That conversation was apparently scooped up in U.S. snooping but should have been kept a tight secret. Attaching Mr. Flynn’s name to the conversation — what is known in the intelligence community as “unmasking” — and then revealing that name publicly could be a violation of law.

Rep. Trey Gowdy, South Carolina Republican, tried to lead that chain back to the Obama administration, demanding to know whether top figures in the Obama White House or legal and intelligence agencies had access.

Under questioning from Mr. Gowdy, Mr. Comey said former National Security Adviser Susan E. Rice, former Director of National Intelligence James R. Clapper, former Attorney General Loretta E. Lynch and former acting Attorney General Sally Q. Yates had access to some unmasked names, though he stopped short of saying whether they had access to Mr. Flynn’s communication.
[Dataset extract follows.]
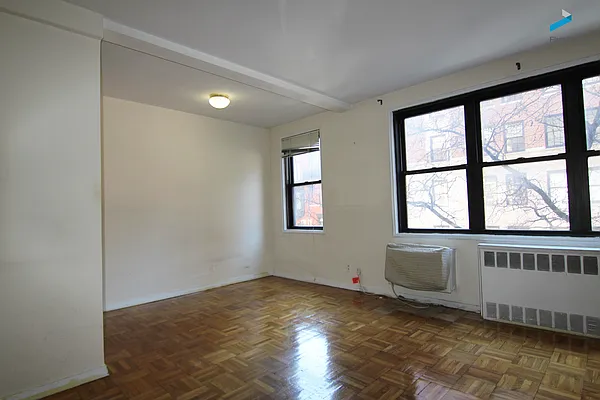 Rented by FirstService Realty (legacy) | media 25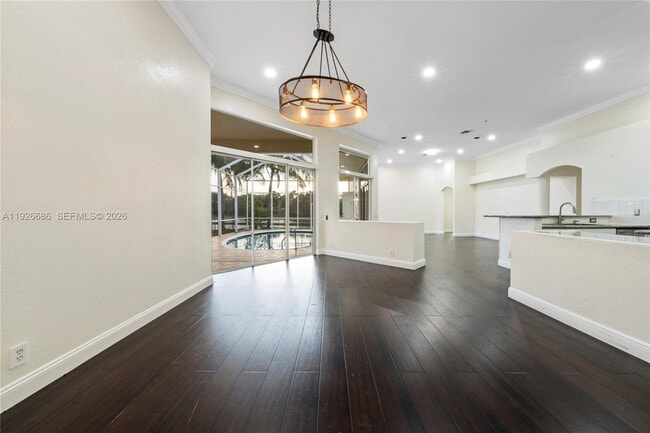 2893 Oakbrook Dr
Much of the back-and-forth at the hearing focused on two Trump figures: Roger Stone, an informal Trump adviser who bragged during the campaign that he had been in touch with the Guccifer 2.0 hacker, and Paul Manafort, who at one time was manager of Mr. Trump’s campaign.

Mr. Comey declined to say much about those two figures because he didn’t want to taint the investigation.

Mr. Comey and Adm. Rogers said there was no evidence that Russian operatives hacked the election, switched votes or stole support from Mrs. Clinton.

Adm. Rogers did, though, reaffirm a report issued under the Obama administration that said Russian operatives were behind breaches of the Democratic National Committee and Clinton campaign officials’ accounts, leading to the leak of embarrassing emails that dented Mrs. Clinton’s campaign.